Fan Fei won the Lynne Doti award  for the best paper by a graduate student for his work on interstate highways and the decline of general stores. Fei is graduate student in the Economics Department at Michigan. You can find his job market paper here.

Soudeh Mirgashemi won the Fred Batemen prize for the best paper for her work on dams and agricultural development in the West in the early twentieth century.  She did her Ph. D. at Arizona and just finished her first year teaching at Hofstra. Soudeh presented at the same session as Nikola Tynan and Leslie Tomory. Nikola’s paper (coauthored with Brian Beach and Werner Troesken) showed a large drop in typhoid deaths following municipalization of water works in English cities. Leslie presented work on the history of the London water supply. I found it interesting that he said he began the work after he finished a book on the gas industry. Since Werner also started with the gas industry (the Chicago gas trust) it suggests there are economies of scope involved in the study of networks of pipe.   

Brad Sturgill and Dan Giedeman won the James Soltow Award for the best paper published in Essays the previous year.  

Economics still needs better critics

I just got back from the meeting of the Economic and Business History Society in Montreal, and I was going to blog about that, but then someone tweeted about this stupid essay at Evonomics.
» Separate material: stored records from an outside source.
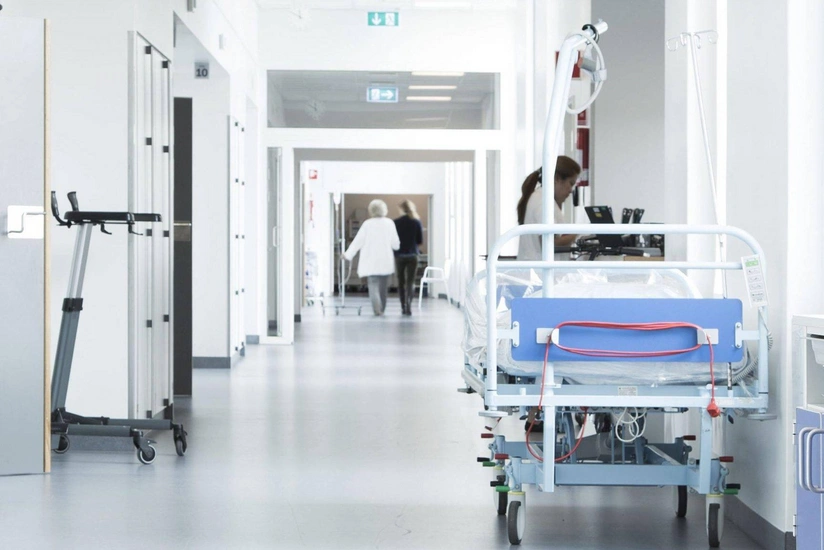 Tibb müəssisələri prezident seçkiləri ilə bağlı gücləndirilmiş iş rejiminə keçib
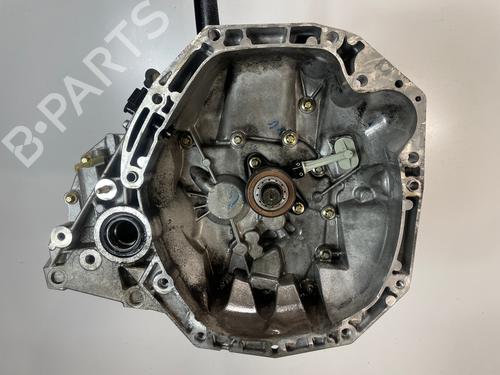 Gearbox RENAULT MODUS / GRAND MODUS (F/JP0_) 1.4 (JP01, JP0J) | BP37345845M3 - Image 2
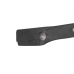 Headlamp with a motion sensor LED COB 3W + 1W XPE 1200mAh 350lm IPX4 (G15118)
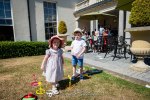 Castlemartyr Resort Wedding Photographs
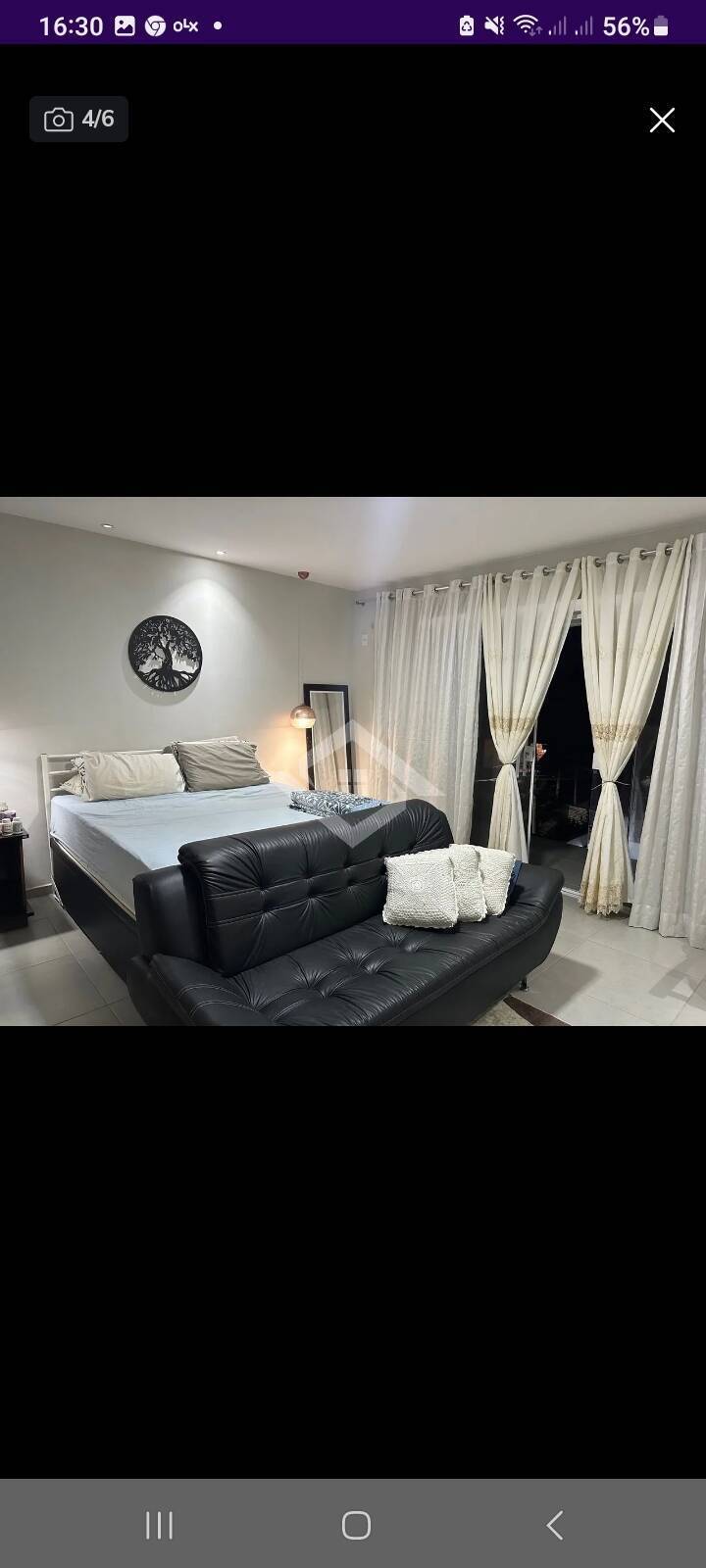 Casa à venda com 3 quartos, 300m² - Foto 14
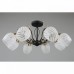 Люстра потолочная Omnilux Garda OML-65507-08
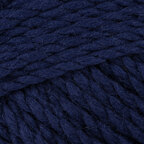 Midnight Blue (07)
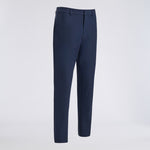 TOUR TROUSER - US 5114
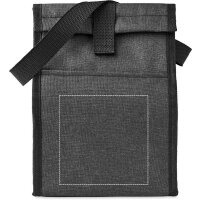 Area marcaje Bolsillo delantero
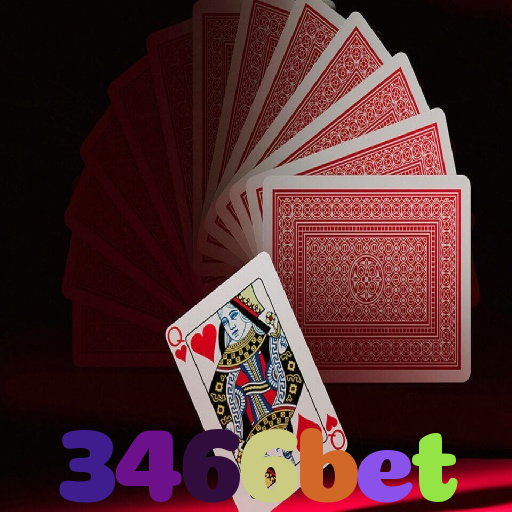  3466bet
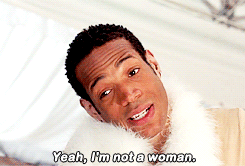 tumblr_mk3lj0AKqR1s00ervo3_r1_250.gif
Eric Beinhocker writes about the problems with traditional economics and the benefits of the new economics. The primary problem with his essay is that his description of traditional economics is what would generally be referred to as bullshit.  He conveniently provides a table from his book, The Origin of Wealth, which I was fortunate enough to have never heard of before.




Pick any element you want. For instance the first one declares that traditional economics assumes that everyone has perfect information. Really? Even principles textbooks cover imperfect information and uncertainty. For Dynamics, he states that traditional economics assumes that the “The Economy automatically goes to equilibrium where social welfare is maximized.” Find me a principles textbook that doesn’t cover externalities, public goods, and monopoly. I like his description of the New Economics even better. “Economy is a highly dynamic system that can go far from equilibrium and become trapped in a suboptimal state.” It can become trapped in a state that is far from equilibrium? Does this guy not know what equilibrium means? Stability is the essential characteristic of equilibrium. In the absence of some sort of shock the situation won’t change. Later he refers to market failures, but he does so at the same time that he declares traditional economics assumes a natural tendency toward efficiency. Market failure is a situation in which the market equilibrium is inefficient. Moreover, equilibrium is a property of models, not reality. Reality is never stable. Equilibrium is nevertheless useful for helping us to consider the direction of change and possible unintended consequences.  In the case of innovation, what he ascribes to new economics is a feature of traditional economics and what he ascribes to traditional economics is not. Traditional economists have long studied the factors that are likely to encourage or impede innovation.

He describes one of the implications of new economic thinking for policy as follows:

Regulators take an action to address a perceived problem, that changes the perceptions and actions of market participants, which in turn creates a new set of problems triggering further regulator actions, and so on. Over time this infinite chase between fallible regulators and equally fallible market participants leaves a trail of rules, structures, and institutions that has a major effect on shaping the evolution of the economy.


Ironically, this is pretty much a description of my paper "LearningTo Tax: The Political Economy of the Opium Trade in Iran, 1921-1941," Journal of Economic History 61(March 2001):95-113. It is ironic because I regard myself as a pretty traditional economist. I see this paper, and most of my work on history and institutions, as building on traditional economics not refuting it.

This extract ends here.